**ABOUT THIS EXERCISE**. The data should be written out in full, exactly as it stands, and the pictures dropped.

**INFORMATION SUPPLIED**.
- Opening Delimiter -
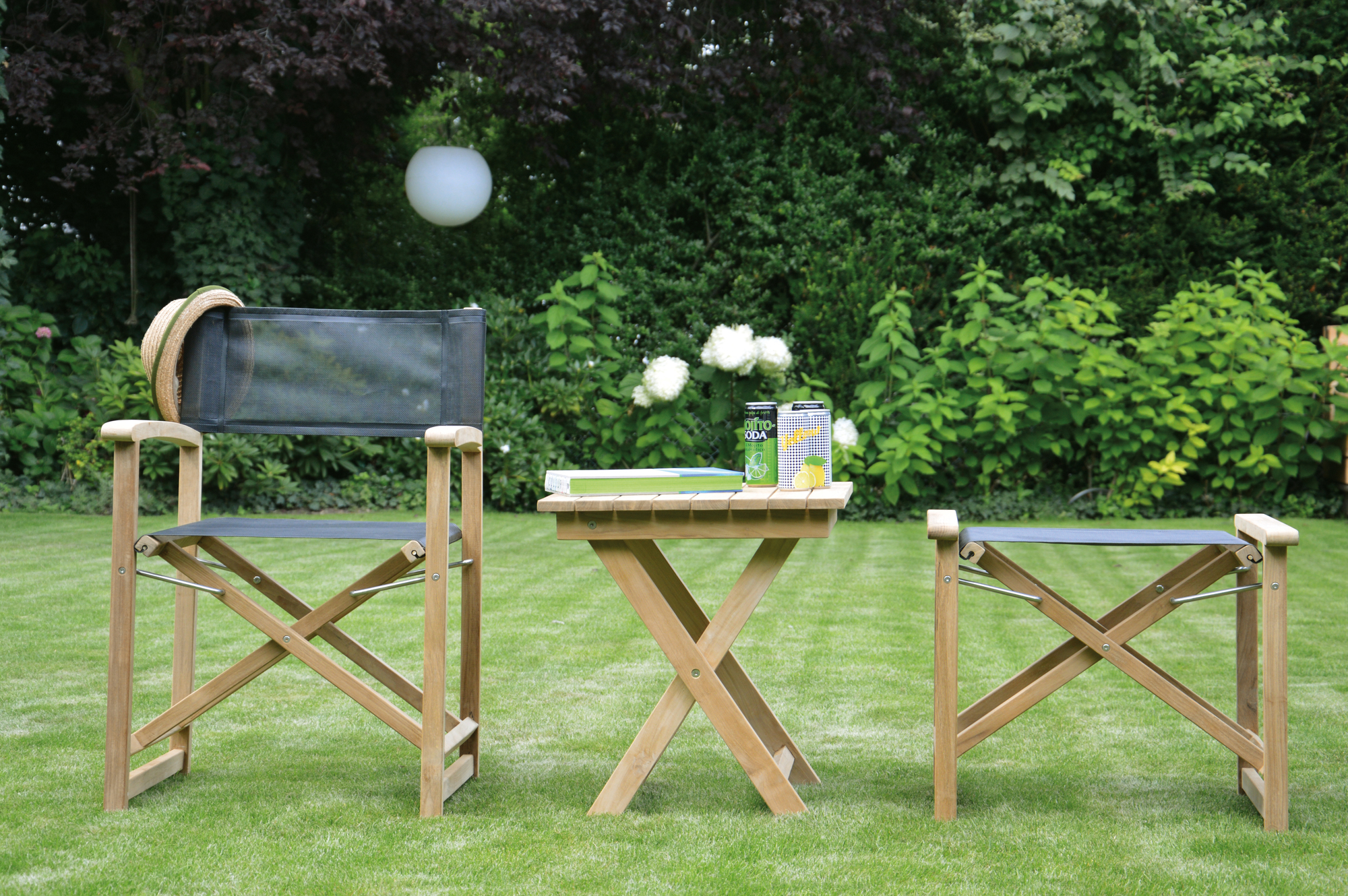 Urban Regiesessel von Jan Kurtz mit schwarzem Bezug und passendem Beistelltisch im Garten.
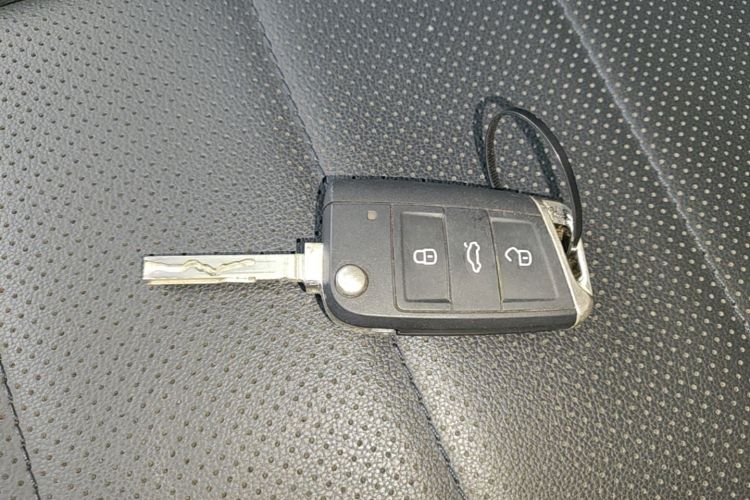 Volkswagen Lavida 2019 car image #9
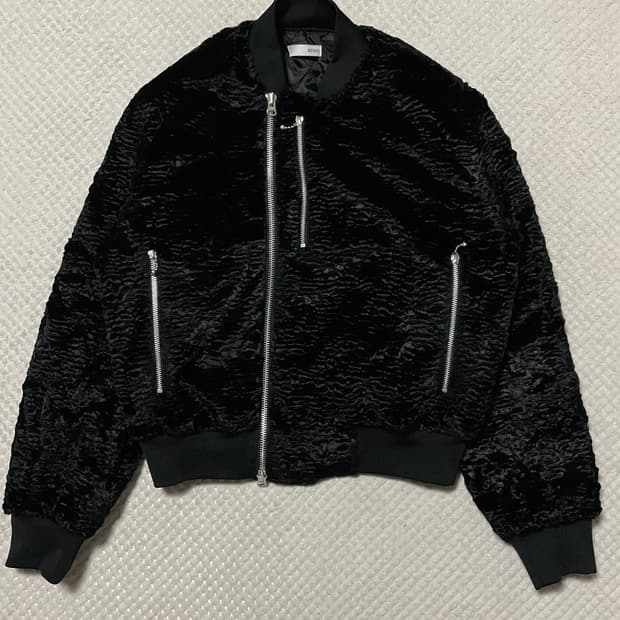 KYHO 기호 2WAY 벨벳 쇼트 봄버 자켓 블랙(클리닝O)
- Closing Delimiter -
**THE COMPLETED TASK**.
 Urban Regiesessel von Jan Kurtz mit schwarzem Bezug und passendem Beistelltisch im Garten.
 Volkswagen Lavida 2019 car image #9
 KYHO 기호 2WAY 벨벳 쇼트 봄버 자켓 블랙(클리닝O)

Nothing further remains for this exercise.